- The Washington Times - Saturday, June 27, 2020

Princeton University announced Saturday it is removing former U.S. President Woodrow Wilson’s name from the Ivy League institution’s public policy school and residential college.

“We have taken this extraordinary step because we believe that Wilson’s racist thinking and policies make him an inappropriate namesake for a school whose scholars, students and alumni must be firmly committed to combatting the scourge of racism in all its forms,” Princeton’s Board of Trustees said in a statement.

Princeton’s board said its members voted to change the names Friday amid calls to cut ties with Wilson, an alumnus who served as the school’s president prior to becoming the nation’s 28th in 1913.

The Woodrow Wilson School of Public and International Affairs has been renamed the Princeton School of Public and International Affairs, and the set-to-be-shuttered Wilson College will now be known as First College. Both buildings are located on the university’s campus in Princeton, New Jersey.

“Identifying a political leader as the namesake for a public policy school inevitably suggests that the honoree is a role model for those who study in the school,” Princeton’s board said in the statement. “We must therefore ask whether it is acceptable for this University’s school of public affairs to bear the name of a racist who segregated the nation’s civil service after it had been integrated for decades.”

Wilson, a Virginian, graduated from Princeton in 1879. He served as the school’s president and governor of New Jersey before entering the White House ahead of World War I erupting.
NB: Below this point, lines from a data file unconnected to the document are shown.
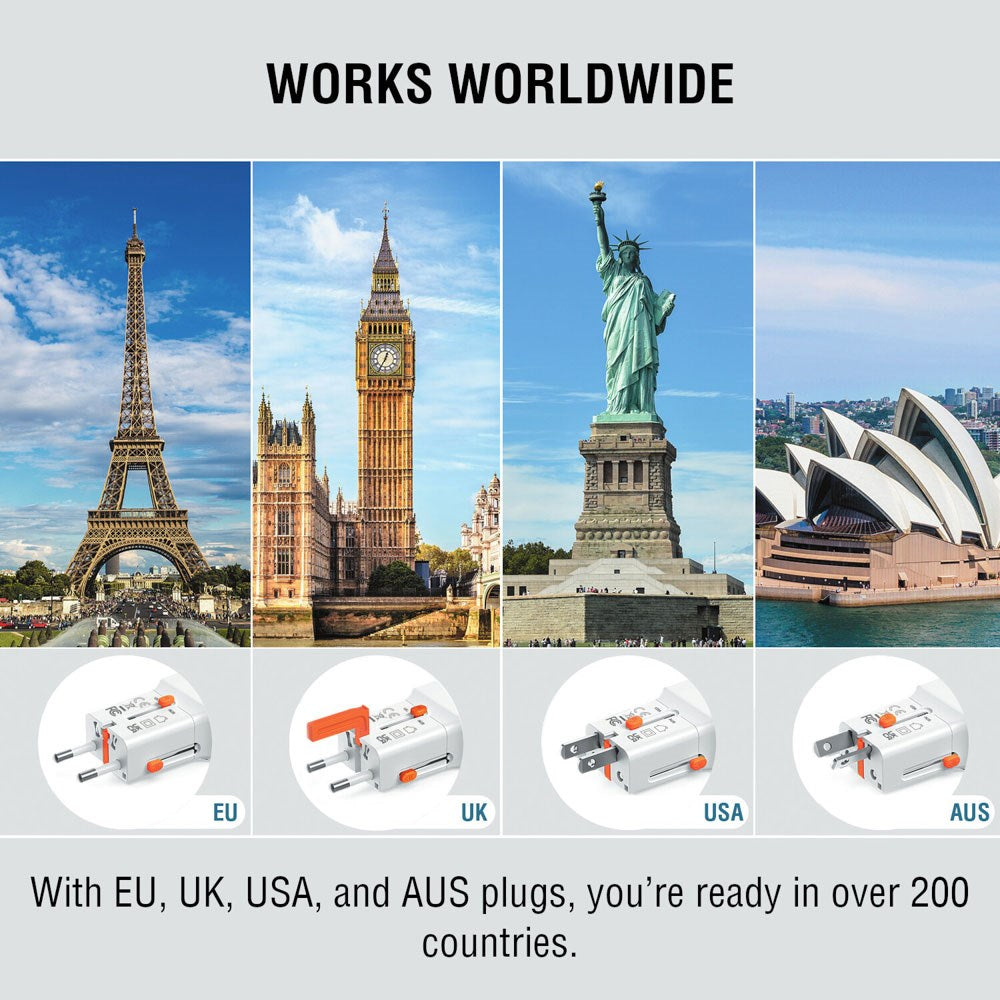 4smarts 65W Reiseadapter for EU/UK/US/AUS med 2 x USB-C & 1 x USB-A Adapter - Hvit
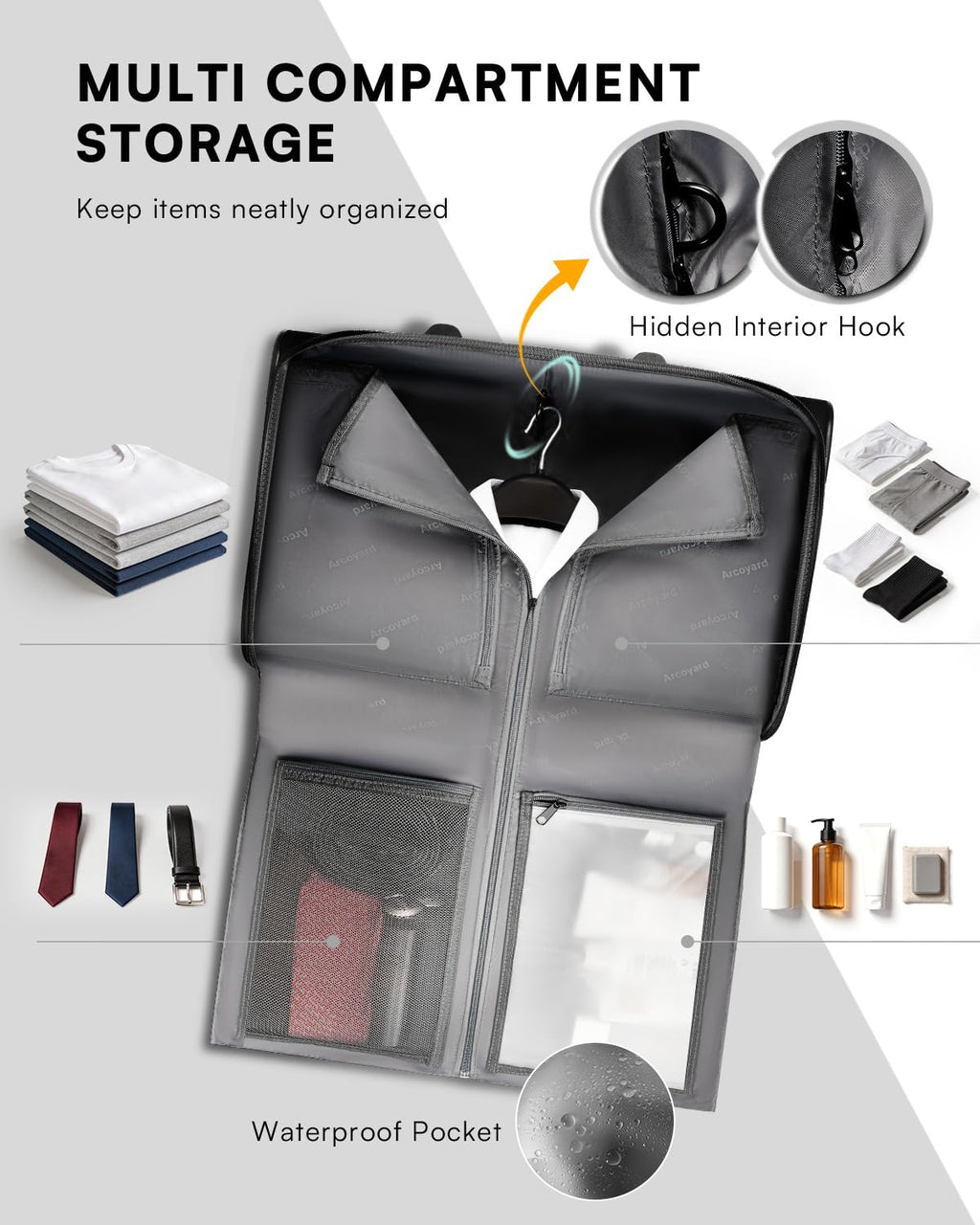 Rolling Garment Bag with Laptop Compartment – Black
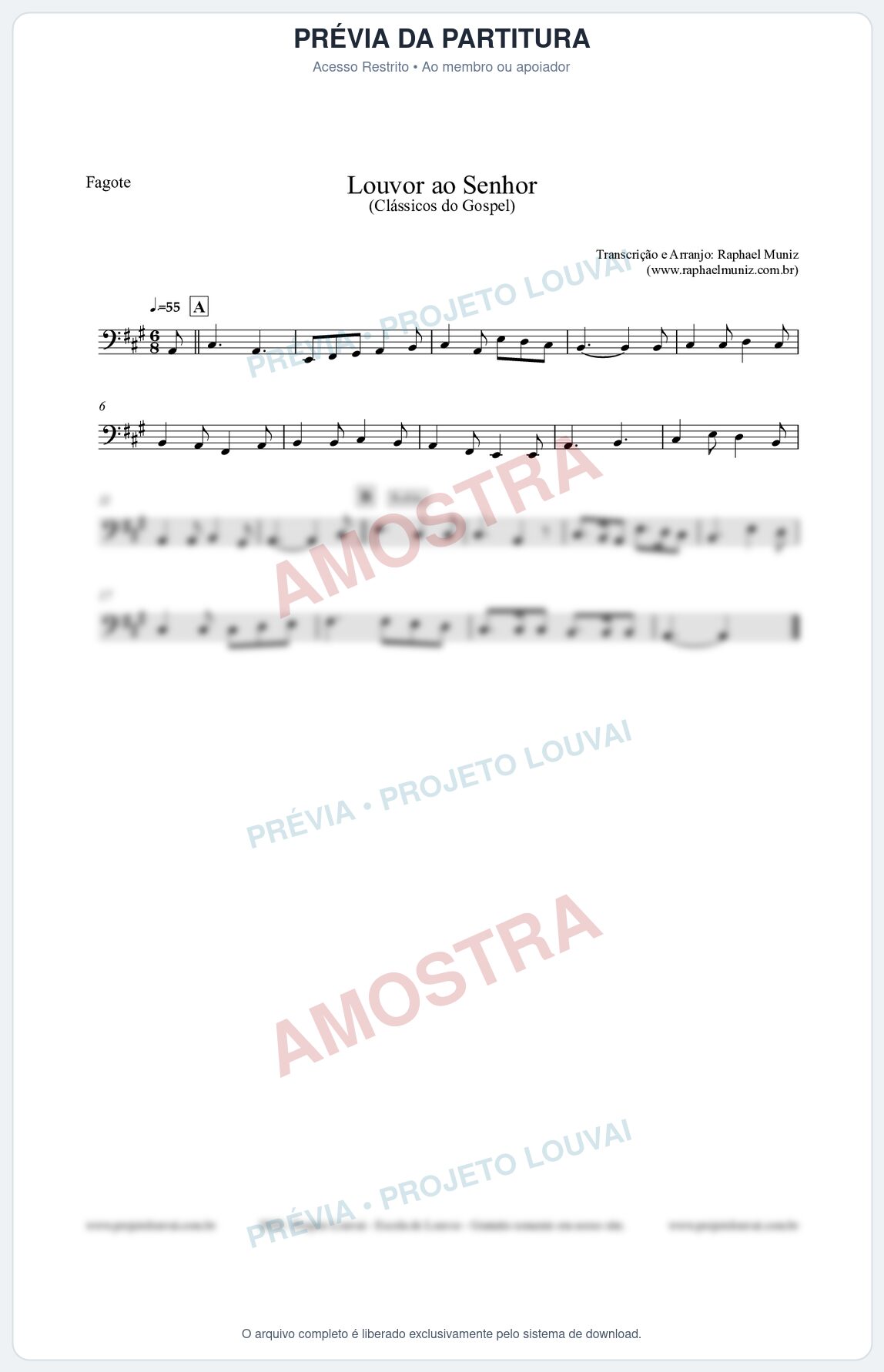 Prévia protegida da primeira página da partitura Partitura para Fagote - Louvor ao Senhor - Cantor Cristão nº3 - Clássicos do Gospel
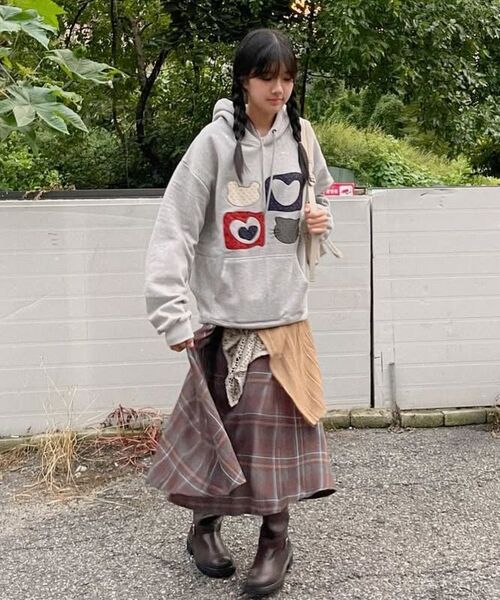 ambler(エムブラー)の「Meow Bear刺繍フードパーカー AHP1207 (ブラック)(パーカー・レディース・その他・SMALL/LARGE/MEDIUM)」の10枚目の写真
Elected to two terms as U.S. president, Wilson was criticized during and after his Democratic administration for pushing racist policies such as segregation of the federal government workforce. He also infamously held a screening at the White House for “Birth of a Nation,” a 1915 film glorifying the Ku Klux Klan, making it the first feature-length motion picture ever screened within the president’s residence. He is also quoted on text cards a few times in the silent film.

“Princeton is doing the right thing by firmly separating itself from the Woodrow Wilson legacy,” said Michael Beschloss, a presidential historian who has written about Wilson.

Princeton has faced heightened calls to ditch Wilson’s name since 2015, and the board said its decision was sparked in part by several recent incidents in which African Americans were killed by police officers.

“This question has been made more urgent by the recent killings of Breonna Taylor, Ahmaud Arbery, George Floyd and Rayshard Brooks, which have served as tragic reminders of the ongoing need for all of us to stand against racism and for equality and justice,” the board said. “Our commitment to those values must be clear and unequivocal. We believe that the continued use of Wilson’s name on a school of public affairs does not reflect those values and thereby impedes the School’s and the University’s capacity to pursue their missions.”